でも、外国の人が日本に来ると、僕はつい「どうもどうも」とやっているような気がする。どっちが上・下ではなくて、その場の雰囲気で、自由自在にどちらの態度で対応するか、切り替えられるようになる。これが第二段階だ。
■メタ認知が高くなると、どんな場所でも生きていける
アメリカでクルマを運転するとき、左ハンドルで右側通行になるのはあらためて言うまでもない。その方式に慣れてから日本に戻って運転すると、しばらく戸惑ったりすることもある。なかにはそれを自慢げに言う人がいるが、そういう馬鹿にならないようにしたい。規則の違いをことさら言い立てずに、自由に切り替えられるようになるのがカッコいいことだと思うし、メタ認知が高いということだ。

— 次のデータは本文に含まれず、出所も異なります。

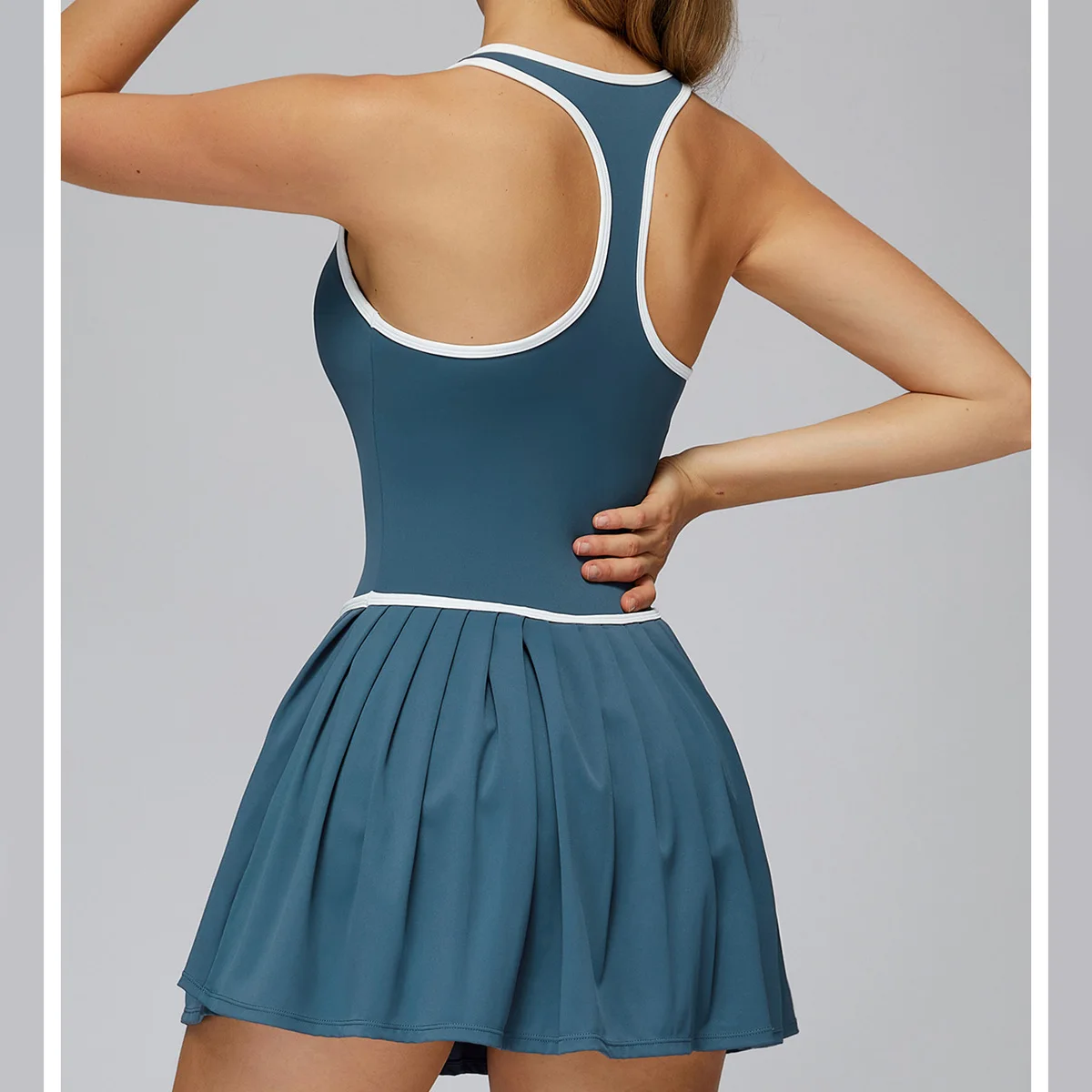 فستان اليوغا للياقة البدنية للنساء من قطعة واحدة فستان التنس برقبة على شكل V وظهر متسابق مدمج في حمالة صدر مع جيوب داخلية منفصلة فستان رياضي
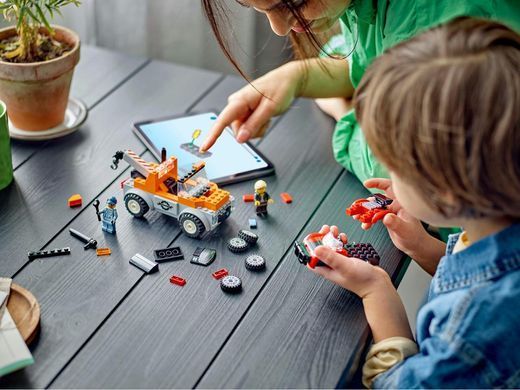 LEGO&reg; City Эвакуатор и ремонт спортивных авто 60435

それはさておき、こういうことを繰り返しやってきたので、メタ認知が強くなったのかもしれない。足を踏み入れた場所に合わせて、自分がどうするかをコントロールできる。
「Be water」(水になれ)
俳優・武道家のブルース・リーの言葉である。
「どんな容れ物にも対応できるように、水のようになれ」
メタ認知は水になるように状況を把握することである。
■経済学者が株式投資で儲けられないワケ
メタ認知があれば、経済学者が株式投資をすればかなり儲かるのではないかと思う。しかしそうはならないのだ。
普通に考えれば、経済のスペシャリストなのだから、かなり高い精度のメタ認知が発揮され、株式投資で儲け、経営者としても経済理論を駆使して、企業業績を伸ばしていけるのではないかと思ってしまう。
実は、かなり不思議なことだが、必ずしも成功をするとは限らないのだ。
20世紀末、高度な金融工学理論を駆使していたアメリカのヘッジファンド「ロングターム・キャピタル・マネジメント(LTCM)」が、設立からわずか4年で破綻した。
運用チームは“ドリームチーム”と言われる陣容だった。ノーベル経済学賞を受賞した2人の経済学者、マイロン・ショールズとロバート・マートンに加え、ソロモン・ブラザーズの著名な債券トレーダー、ジョン・メリウェザー、取締役にはFRB副議長だったデビッド・マリンズが座っていた。それ以外にもかなりの著名人が役員になっていた。
■一番儲けているのは誰なのか
そのメンバーを見て、世界中から資金が集まった。巨大なレバレッジを仕掛けて運用を行い、一時は40パーセントを超える運用益を記録していた。
しかし幸せは長く続かなかった。アジア通貨危機による相場の大変動に対応できず、設立から4年で破綻。市場から退場を迫られた。
経済学者であるにもかかわらず、というべきか、経済学者だからこそ失敗したというべきか……。
人間はそれほどに非合理的な存在なのである。
作家・小川哲さんの小説『君が手にするはずだった黄金について』(新潮社)という短編集の表題作は考えさせられる。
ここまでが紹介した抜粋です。